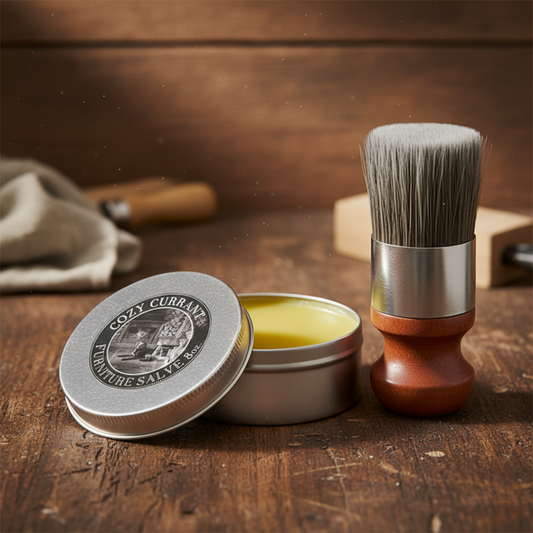 Zestaw EcoSage™ z Inicala.pl – krem do mebli i pędzel na stole warsztatowym, gotowy do pielęgnacji drewna i skóry. (1)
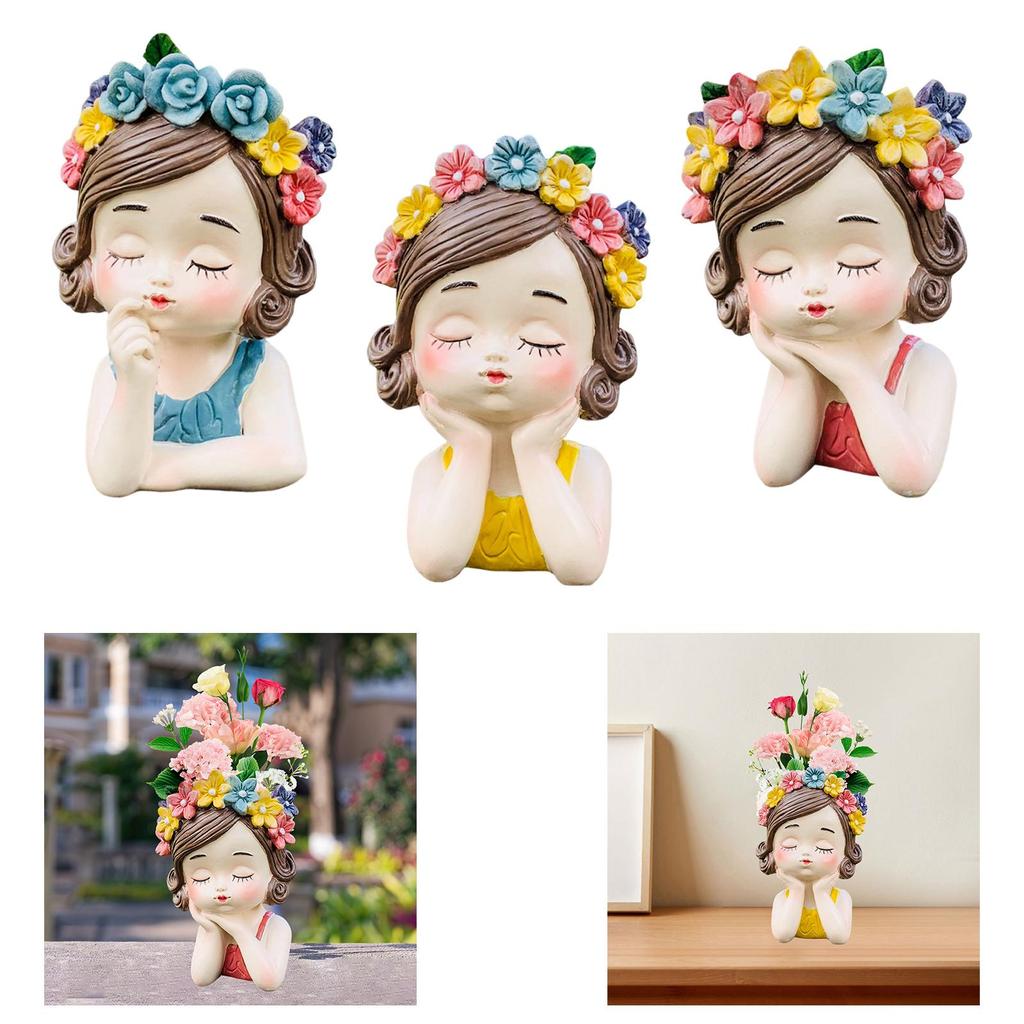 Girl Flower Pot Sculpture Planter Organizer Decorative Vivid Plant Container Flower Vase for Home Kitchen Outdoor Desk Indoor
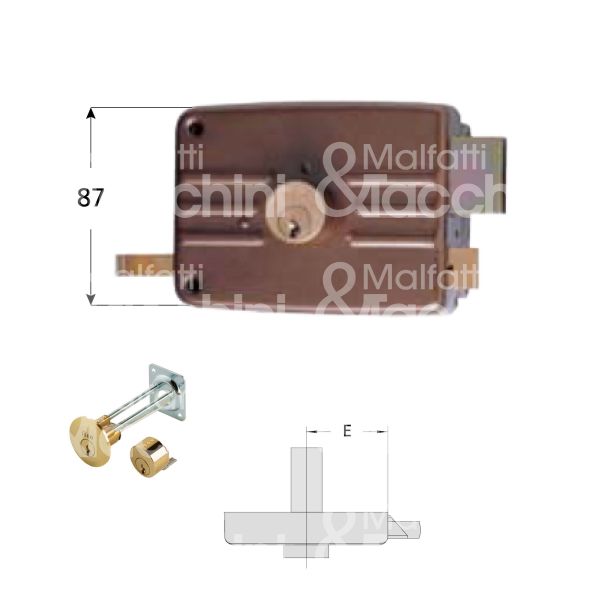 Iseo 421603e serratura per portoncino scrocco piÙ catenaccio doppio cilindro / cilindro staccato e 60 dx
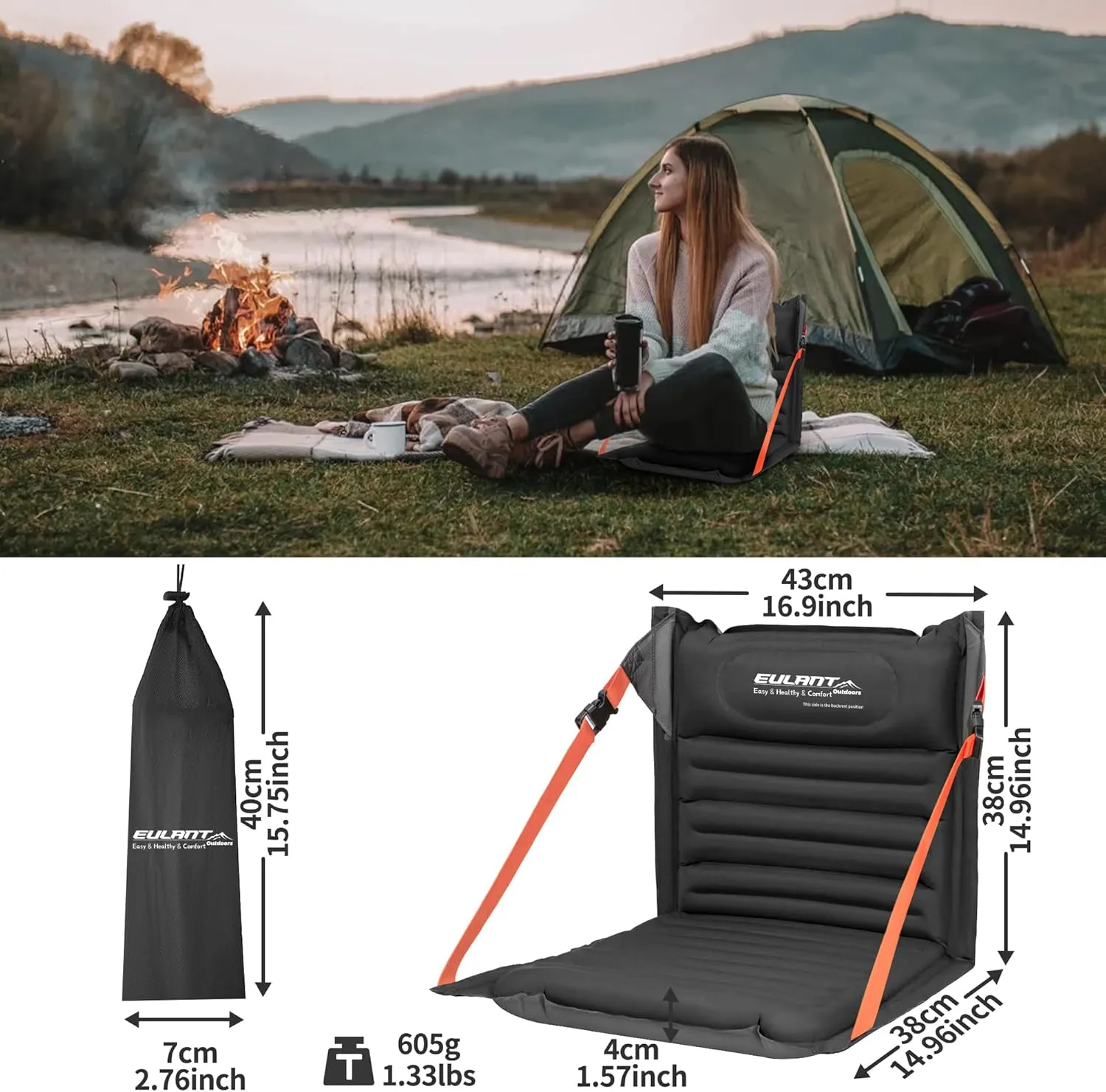 EULANT Inflatable Lightweight Folding Seats for Camping Chair with Back Support Adjustable Straps,Foldable Bleacher Chairs for Camping Hiking Sporting Events and Park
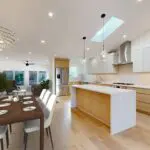 Modern kitchen addition in West San Jose with spacious island and contemporary design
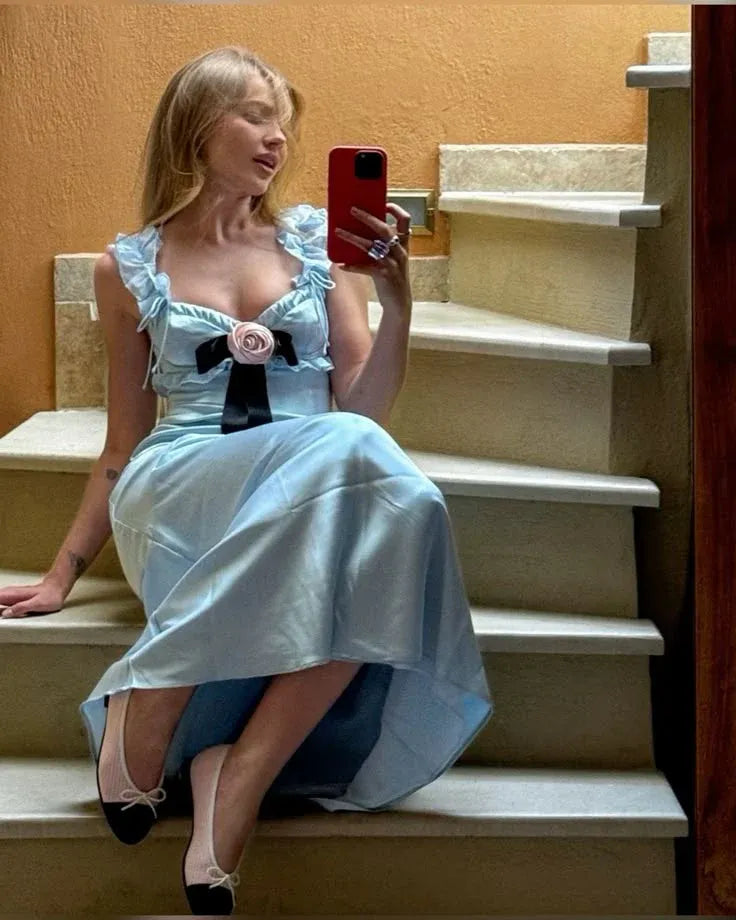 Lovely Mermaid V Neck Ruffled Strap Flower Satin Light Blue Long Prom Dress
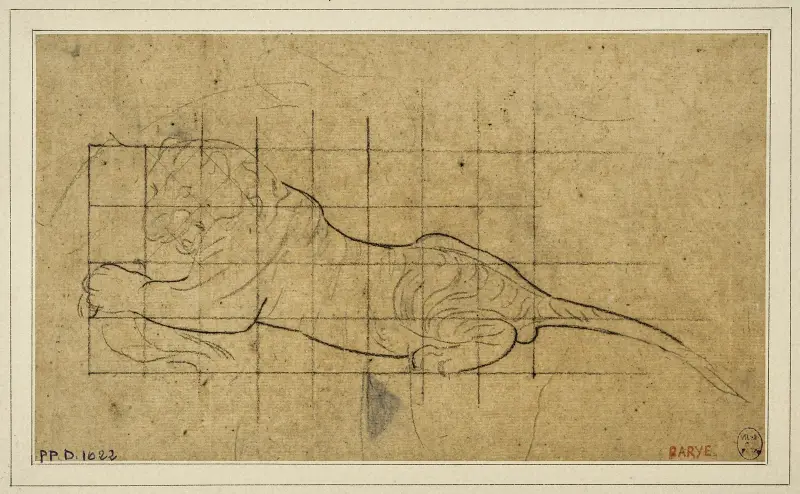 Liegender Tiger nach links von Antoine-Louis Barye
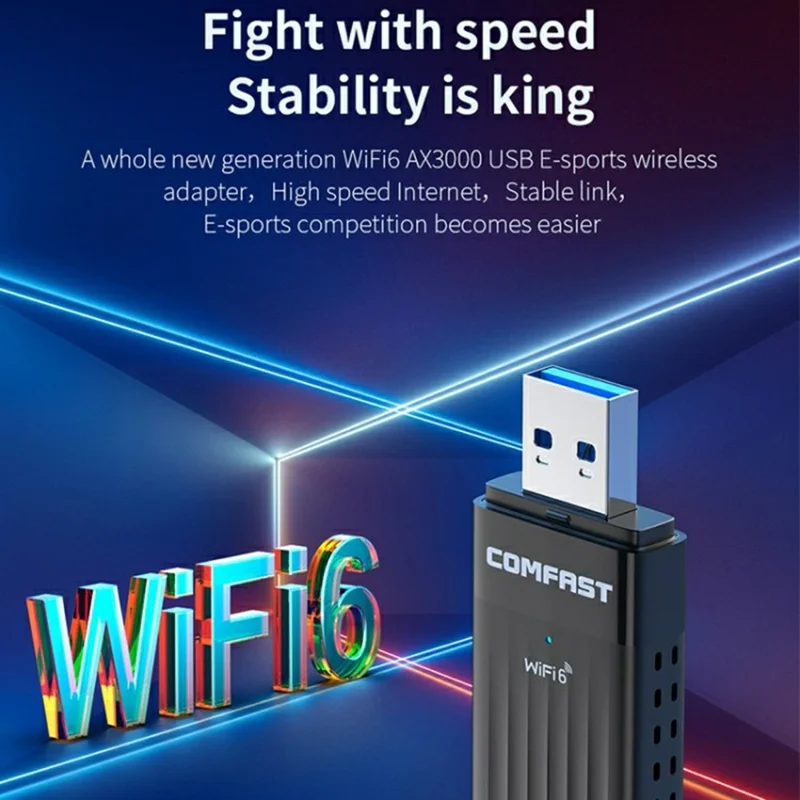 COMFAST CF-970AX 3000Mbps High Speed Dual Band Wireless Network Card WiFi6 USB Adapter
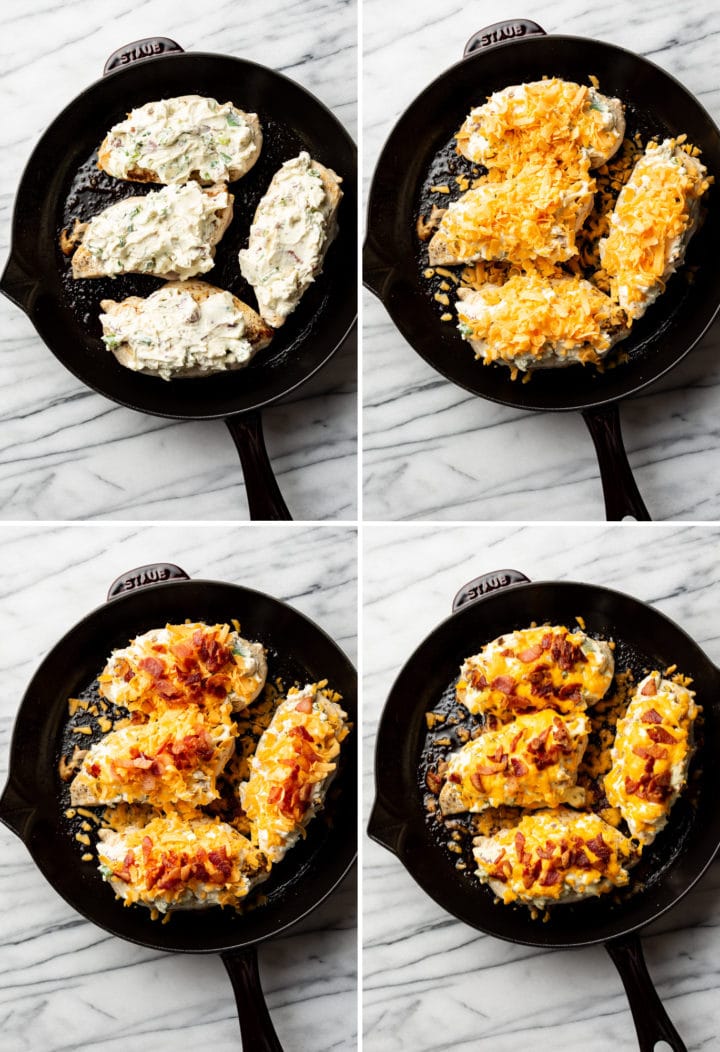 bacon ranch cream cheese chicken process photo collage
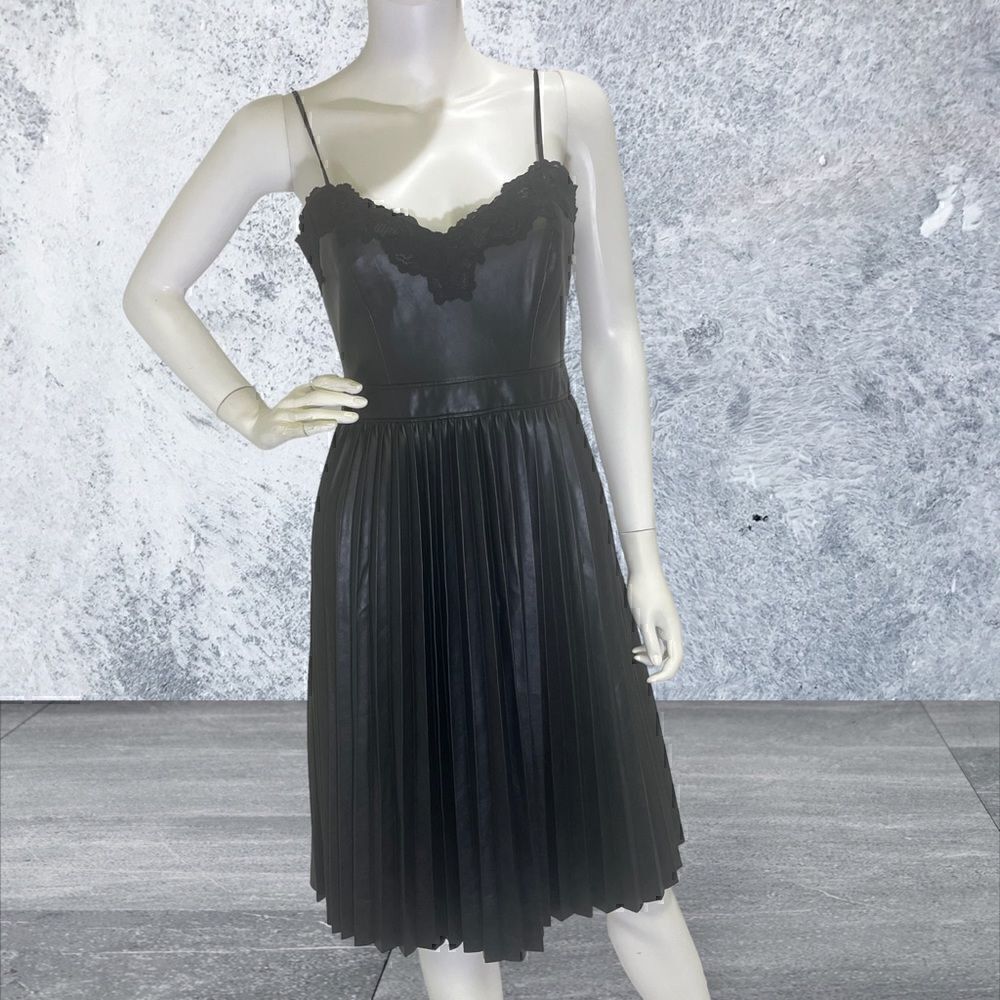 Express Black Faux Leather Pleated‎ Spaghetti Strap Dress Gothic, Dark Academia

-=-=-

* _WHAT TO WORK ON_: Copy exactly the lines from the line holding "COMFAST CF-970AX 3000Mbps" to the final line of the listing, and leave the pictures out.

* _RESPONSE BELOW_:
 COMFAST CF-970AX 3000Mbps High Speed Dual Band Wireless Network Card WiFi6 USB Adapter
 bacon ranch cream cheese chicken process photo collage
 Express Black Faux Leather Pleated‎ Spaghetti Strap Dress Gothic, Dark Academia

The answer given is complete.